Mobra was a man that did things the right way, whether coaching, teaching or raising a family...

And, most of all, Mobra was a man that put Family first and coaching second.

“I had a special relationship with Frank, in that I could always read his mind,” Vardeman said.

Vardeman became acquainted with Frank as a teenager playing junior high football and later on at the varsity level in Stilwell, Okla.

Mobra, who was the head football coach at Stilwell from 1957-1964, took Vardeman under his wings and taught him that dreams come true through hard work, dedication and ‘heart’.

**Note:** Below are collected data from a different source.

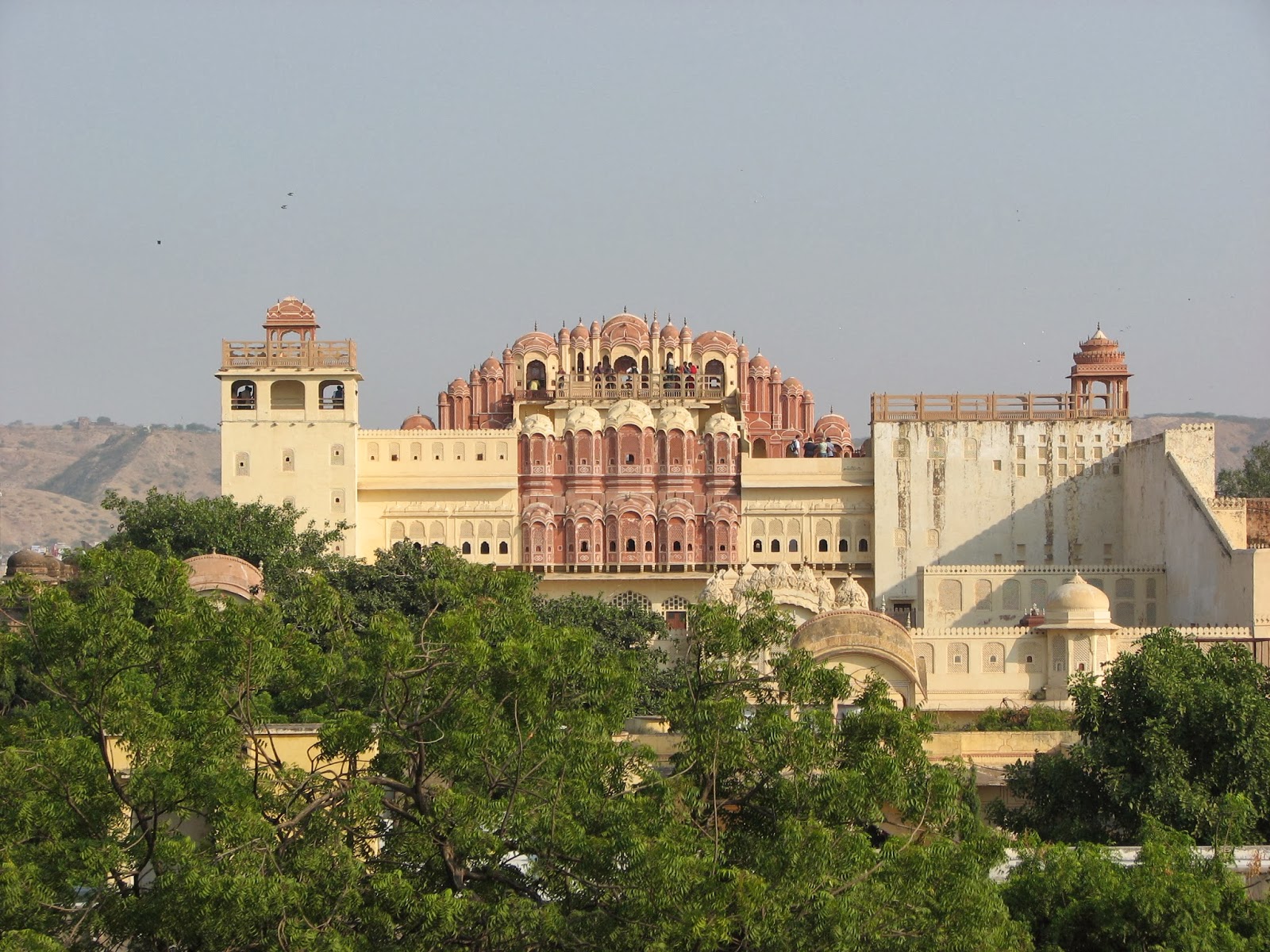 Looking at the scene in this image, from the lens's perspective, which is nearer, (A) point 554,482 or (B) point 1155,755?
(B) point 1155,755

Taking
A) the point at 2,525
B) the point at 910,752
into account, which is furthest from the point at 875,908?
the point at 2,525

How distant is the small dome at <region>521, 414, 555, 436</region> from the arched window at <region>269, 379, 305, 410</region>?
211 inches

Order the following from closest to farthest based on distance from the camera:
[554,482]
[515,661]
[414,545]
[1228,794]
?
[515,661] < [1228,794] < [414,545] < [554,482]

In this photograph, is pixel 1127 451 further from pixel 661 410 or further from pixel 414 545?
pixel 414 545

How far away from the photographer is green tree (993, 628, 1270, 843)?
25.9 metres

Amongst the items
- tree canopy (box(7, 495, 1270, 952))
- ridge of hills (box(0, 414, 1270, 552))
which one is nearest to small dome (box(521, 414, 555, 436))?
tree canopy (box(7, 495, 1270, 952))

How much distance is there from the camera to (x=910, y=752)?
61.4 feet

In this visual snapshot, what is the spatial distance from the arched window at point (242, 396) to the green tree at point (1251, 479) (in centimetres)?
2834

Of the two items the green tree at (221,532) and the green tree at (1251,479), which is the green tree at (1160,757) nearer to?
the green tree at (221,532)

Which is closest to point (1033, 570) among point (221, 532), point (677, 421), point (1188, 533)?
point (1188, 533)

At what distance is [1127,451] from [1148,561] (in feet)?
11.6

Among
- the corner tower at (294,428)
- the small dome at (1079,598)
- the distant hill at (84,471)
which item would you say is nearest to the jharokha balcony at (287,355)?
the corner tower at (294,428)

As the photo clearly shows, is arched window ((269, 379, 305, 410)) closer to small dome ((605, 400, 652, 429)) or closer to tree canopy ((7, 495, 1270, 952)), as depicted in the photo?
small dome ((605, 400, 652, 429))

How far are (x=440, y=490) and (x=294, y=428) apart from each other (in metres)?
3.75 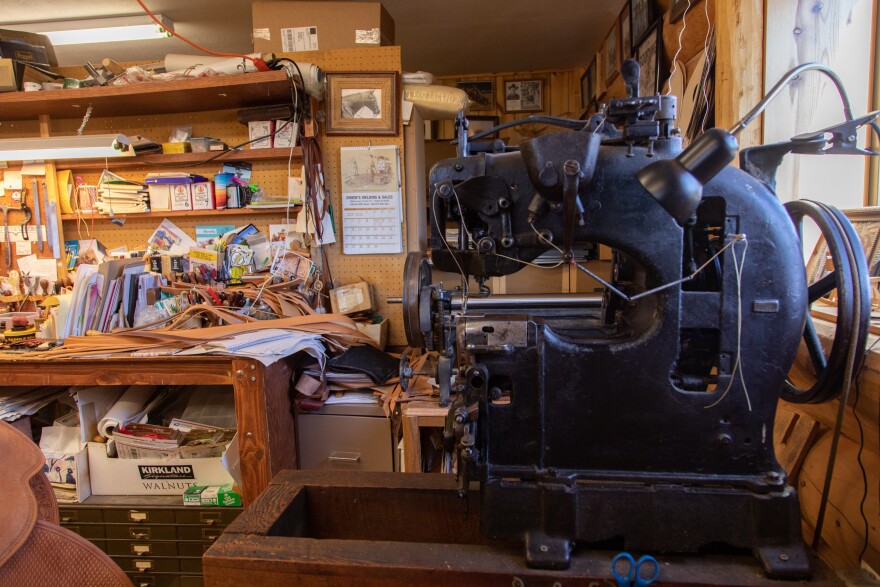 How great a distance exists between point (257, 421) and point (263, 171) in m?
1.38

“Frank coached 3 of my brothers before me, and by the time, my turn came around (as a sophomore), I wasn’t worth shooting,” Vardeman said. “My junior year, I wasn’t any better. My senior year, we start off 0-5, and Coach Mobra says, ‘Robert, we got to do something.’”

So, a switch to the single-wing meant more production for Vardeman, and eventually wins for Stilwell.

“Coach Mobra asked me if I would play fullback in the single wing,” Vardeman said. “Coach, I’ll do whatever.”

The transition paid off as Vardeman started finding the end zone more and more and Stilwell started getting recognition around the state.

Vardeman added that his success led to scholarship opportunities from Oklahoma, Tulsa, Oklahoma State and Arkansas.

Knowing that Coach Mobra played for the University of Arkansas, it only seemed fitting that Vardeman would follow in his coach’s footsteps to Fayetteville.

Vardeman, however, took a different route and chose the Oklahoma Sooners.

“Frank never persuaded me toward Arkansas,” Vardeman said. “I do, however, remember asking him for a favor during my freshman year of spring drills. ... I returned to Stilwell and said ‘Coach, this guy at OU (Bob Ward) is running players off. I’m afraid he’s going to run me off too. Do you think you can call Arkansas and see if Frank Broyles will give me a chance? ... Coach Mobra’s response to me was ‘Robert, get back to Norman and work your tail off. You’re not a quitter.’ ... On Sunday, the Muskogee Phoenix had in the headlines that Bud Wilkinson had fired Bob Ward.  I knew then, I could play for OU.”

After a playing career at OU, Vardeman took on an assistant coaching role with Mobra at Talihina and then eventually at Claremore.

“Frank’s second year at Talihina (1966), we won the Class B state championship,” Vardeman said.

Following a four-year stint at Talihina, the Mobra legacy took shape in Claremore.

“Back then, the only thing you did on Friday nights was go to the game,” Vardeman said. “Frank had 105 kids out for football, and the games were exciting. The people really got into it.”

Coach Mobra prided himself into the Zebra athletic program, added Smith.

As the Zebras head coach, Mobra went 53-40-2 and led Claremore to the state playoffs in 1969, 1970 and 1972.

“He was one of those coach’s that let his assistants coach, but in the end, he had the final decision,” Vardeman said. “Also, Frank knew his x’s and o’s. He didn’t have to spend hours watching a lot of film to figure out how to beat a team.”

The thing that Vardeman and Smith both enjoyed about Mobra was his ability to put family first.

“The hardest thing in the world is coaching your own kid,” Vardeman said on Frank coaching his son, Mike at Talihina. “You have to coach your own like anyone else. You can’t show favoritism.”

The legacy of Frank Mobra long lives on in Claremore with the bearing of his name on the ‘Field House’ adjacent to the high school.

“Frank was All-Zebra,” Smith said. “It didn’t make any difference where he was. He loved Claremore High School.”